Eddie Kingston vs. Tracy Williams, GCW Matt Riddle’s Bloodsport (4/5/2018)

(Photo credit to Scott Lesh Photography.)

As with all matches on this show and other Bloodsport shows to follow (I do not feel the need to repeat this bit for every match on this show, but as it’s dropping first, hey), there are no ropes around the ring, and you can win by submission or knock out only.

Bloodsport, over the last five years and counting since this first show, has been maybe the surest thing in professional wrestling.

The set up not only makes for more unique wrestling in a bell-to-bell mechanical sense than you often get to see anywhere at this point (no disrespect to a concept like WXW’s AMBITION, but they still have the chance to use the ropes, still tethering itself somewhat to professional wrestling), let alone the U.S. indies, but also allows for a really unique visual.
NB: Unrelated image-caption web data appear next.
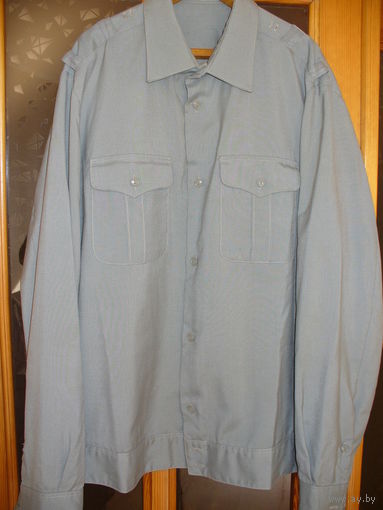 Рубашки офицерские (Российские)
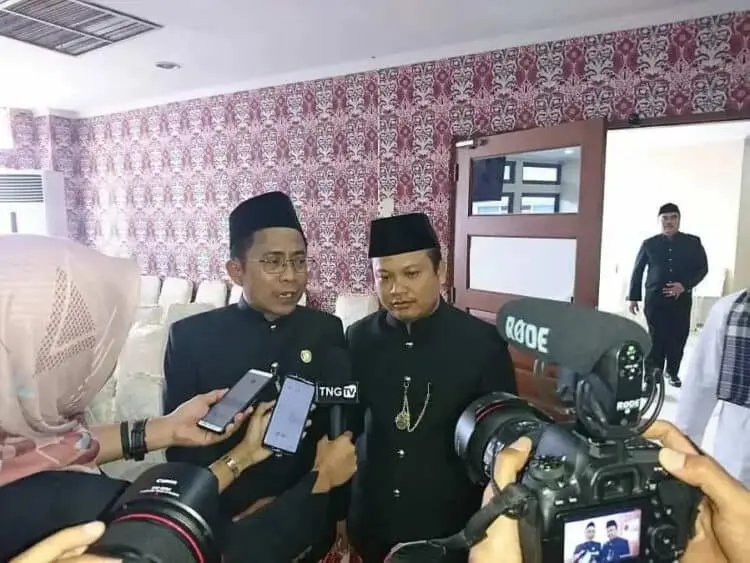 DPRD Kota Tangerang Minta Kinerja PT TNG Dievaluasi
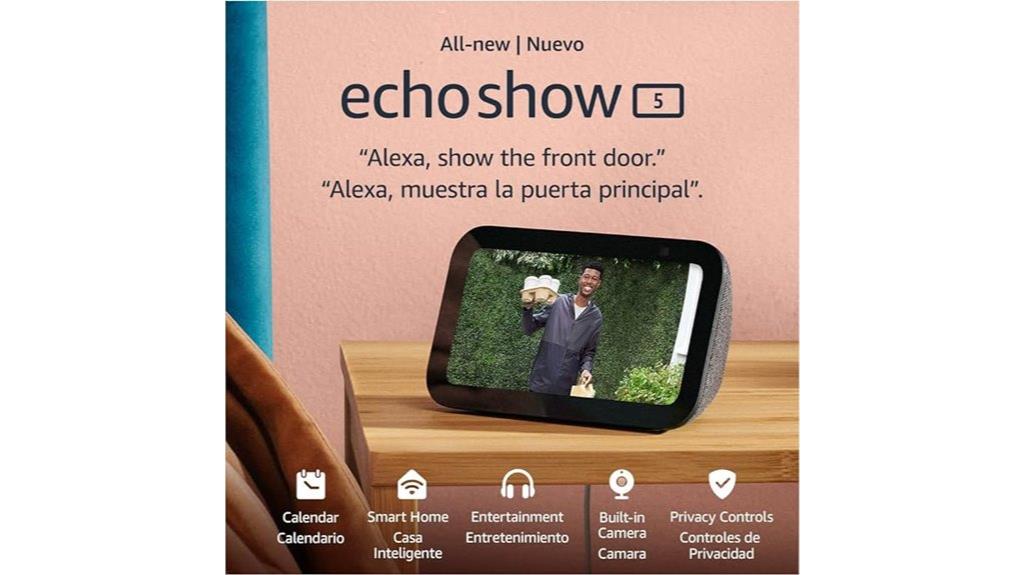 echo show 5 2023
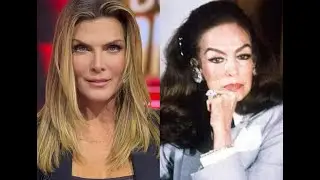 Montserrat Oliver rompe el silencio: &iquest;bes&oacute; a Mar&iacute;a F&eacute;lix cuando la conoci&oacute;?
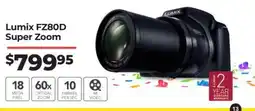 Teds Cameras Lumix FZ80D offer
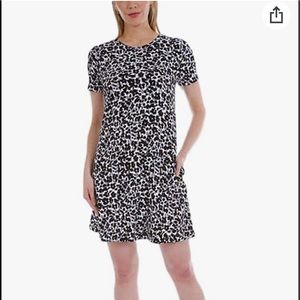 ELLEN TRACY | small | leopard print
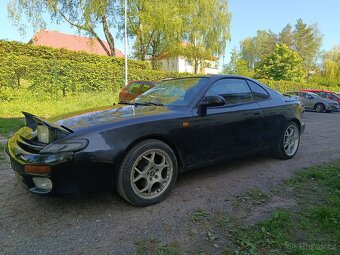 Toyota Celica T18 - 2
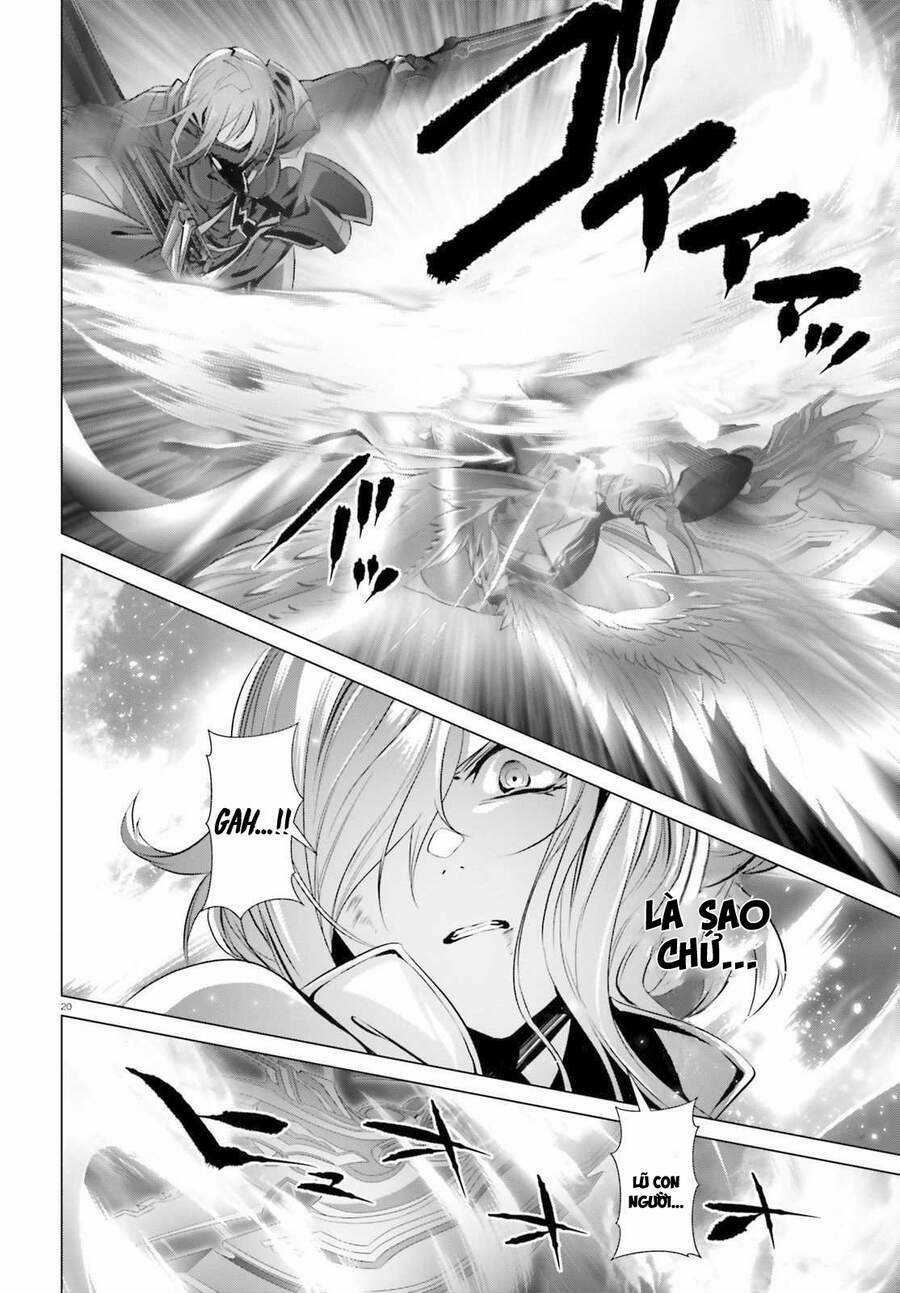 Naze Boku No Sekai Wo Daremo Oboeteinai No Ka? Chapter 25.2 trang 18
Without the ropes, there is very little visual barrier between the combatants in the foreground and the audience in the background. Especially with the  shots that get up close in real high quality, it’s beyond visually impressive and, at least speaking on a personal level, grabs one in a way wrestling matches often are not immediately able to in that way.
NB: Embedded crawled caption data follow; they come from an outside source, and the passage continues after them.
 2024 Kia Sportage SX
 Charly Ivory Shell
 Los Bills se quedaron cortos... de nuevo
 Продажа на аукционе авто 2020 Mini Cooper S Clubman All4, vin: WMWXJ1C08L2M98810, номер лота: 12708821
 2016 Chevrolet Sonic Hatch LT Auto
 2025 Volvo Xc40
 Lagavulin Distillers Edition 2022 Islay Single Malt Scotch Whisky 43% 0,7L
Out of all of the different Bloodsport shows that GCW’s put on following the immense success of this one, this is still probably my favorite.

Yeah, it doesn’t have the absolute highs that some of the later ones do. No match on this show is as great as the 2022 Jon Moxley vs. Biff Busick match, and probably not the 2019 Masashi Takeda vs. Jonathan Gresham match either. It is also not perfect. MASADA gets to have a match on this show, you know? It’s not flawless. However, there is so much less on this show. Less matches, shorter matches, less nonsense on this show, and in terms of the entire thing, it has probably the highest success rate of any of them. Beyond that though, it has that special kind of freak show element while also having that kind of consistent quality. Wrestlers like KTB or Nick Gage or, in this case, Eddie Kingston shoved into these spots is so much more interesting to me than one hundred guys who are all good at these sorts of matches.
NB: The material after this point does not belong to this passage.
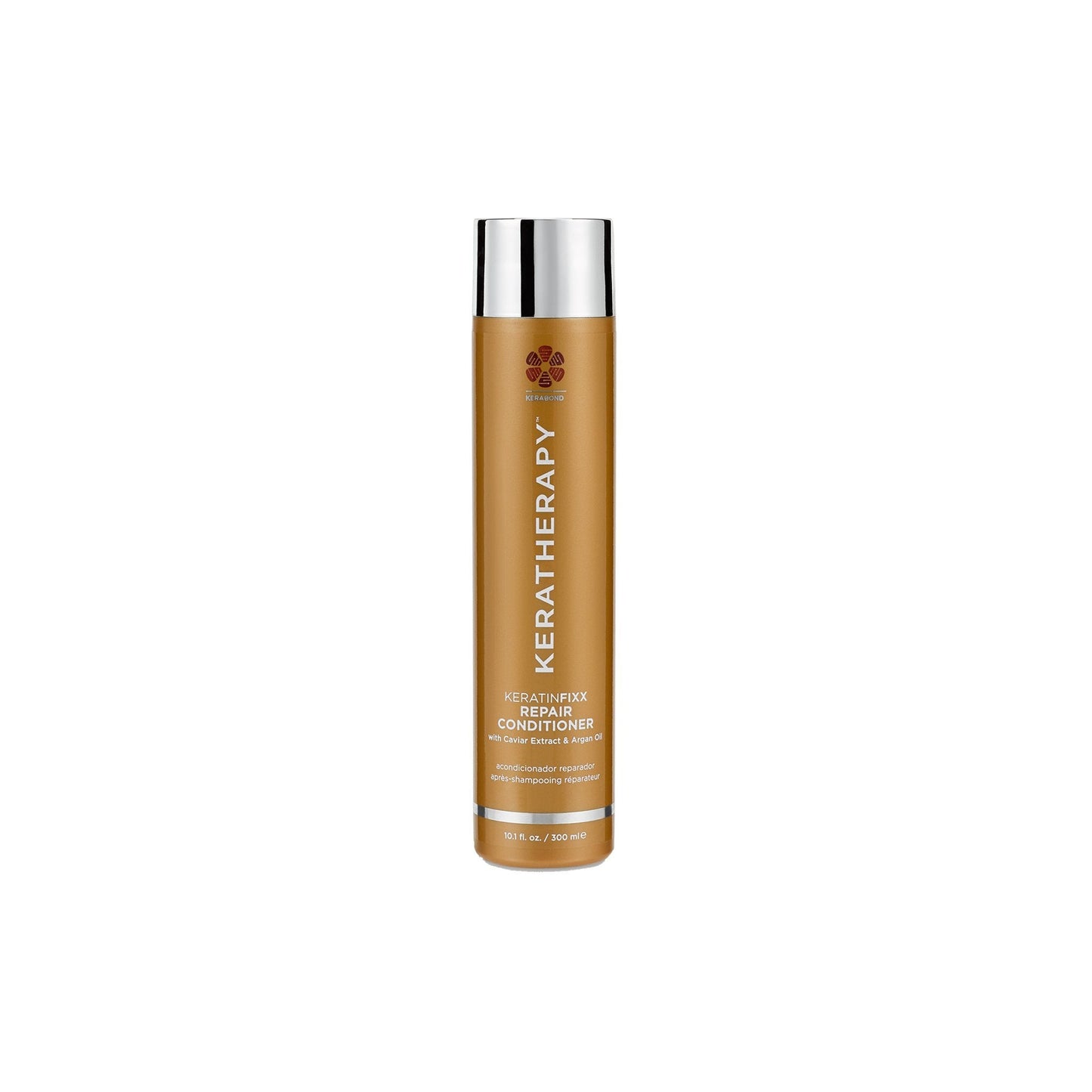 KERATHERAPY KERATINFIXX REPAIR CONDITIONER 300ml - cabello medianamente a muy dañado y/o alisado - Kosmetica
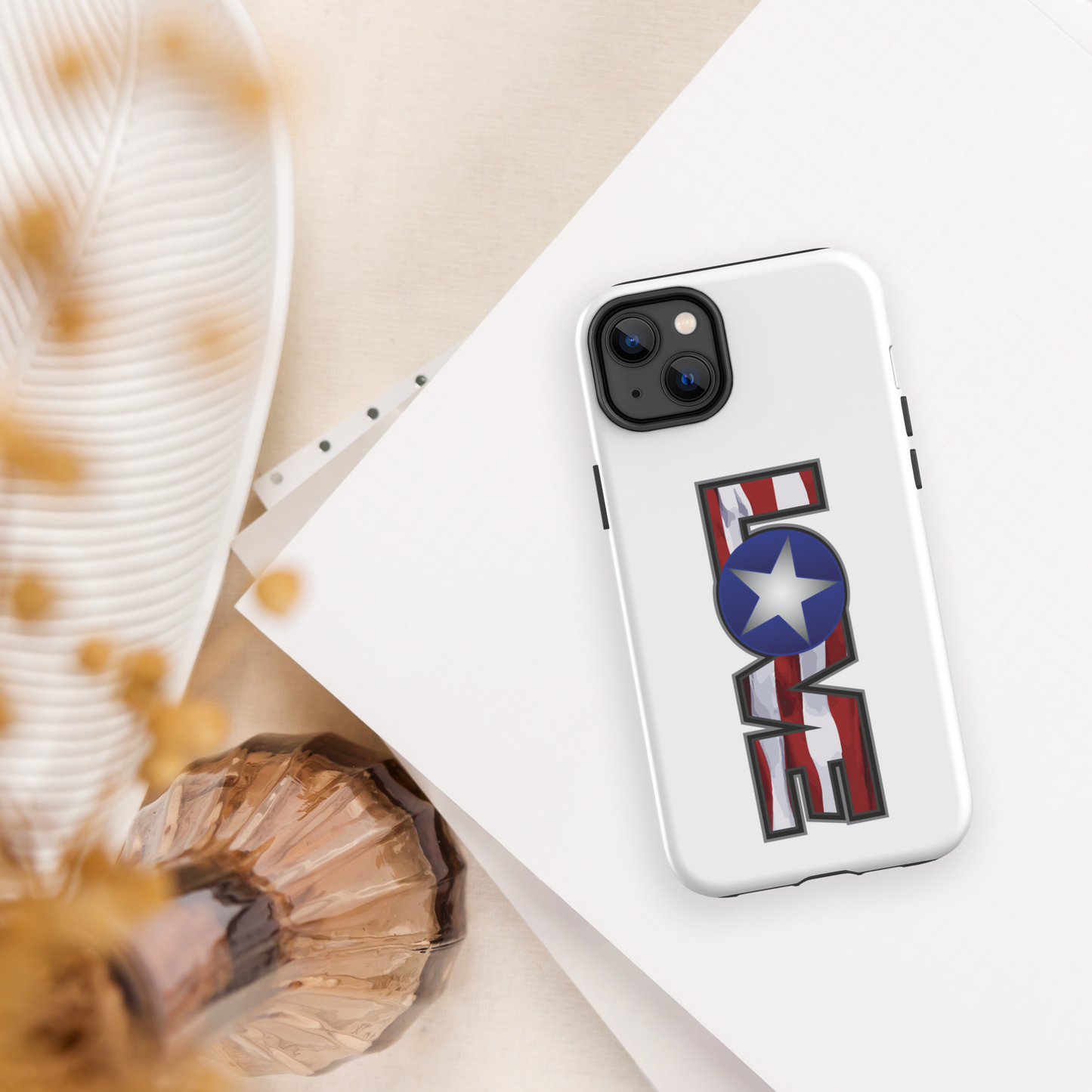 Love Tough Case for iPhone®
Maybe it is sloppier and maybe it is not as great, technically, but it is a thousand times more interesting to see all these weird people in half freak show early UFC style fights, trying to adapt to the style in either the sorts of matches that they would normally not have and/or against opponents they would not otherwise face. It’s not all guaranteed and it might get messy, but that’s half the fun.

All things considered, I prefer the mess.

Kingston and Williams have the former of the two options, not a new match specifically, but a newer sort of match for them to have. Their AIW work is about roughly the same thing in a narrative sense, the brawler against the technician, the classic Puncher vs. Boxer story, but the rhythms are entirely different. Those matches are wrestling matches, but this is very much a BLOODSPORT kind of a thing, and that division is transformed into a match where Eddie needs to stay off the mat to have a shot, and Tracy needs to get him down to have a shot.

Eddie maybe doesn’t have the hours in matches like these like Tracy’s built up over the years, but he has a quality that feels far more important, which is that everything he does feels genuine, and he makes this feel the same way. He cannot do ten thousand holds or flow between them perfectly, but everything he does in this environment feels like what Eddie Kingston the wrestler and character would do. Swinging wildly, trying to turn the match into a stand-up one that he can win, showing desperation whenever Tracy almost gets him, all of that. Tracy Williams is always going to have a decent match within this system, but it’s Eddie Kingston — not only how he conducts himself, but how the match organizes itself around him — that makes this great.

Wonderfully, the match stays completely true to its premise, and as soon as Eddie is able to get to his feet and stay there, it doesn’t take long at all.

Following a delightfully shocking high kick to the head, Kingston reels off the Backfist to the Future for an immediate KO call.

Oh, also, it does all of this in just a hair over six minutes, making it this incredibly efficient thing as well as a deeply interesting one. It’s not only a hell of a six minute match, but the perfect mission statement for this show (it is not the opener, but KTB vs. Dom Garrini went three and a half minutes and wasn’t much, so effectively, it is), and going forward, every one of these to follow.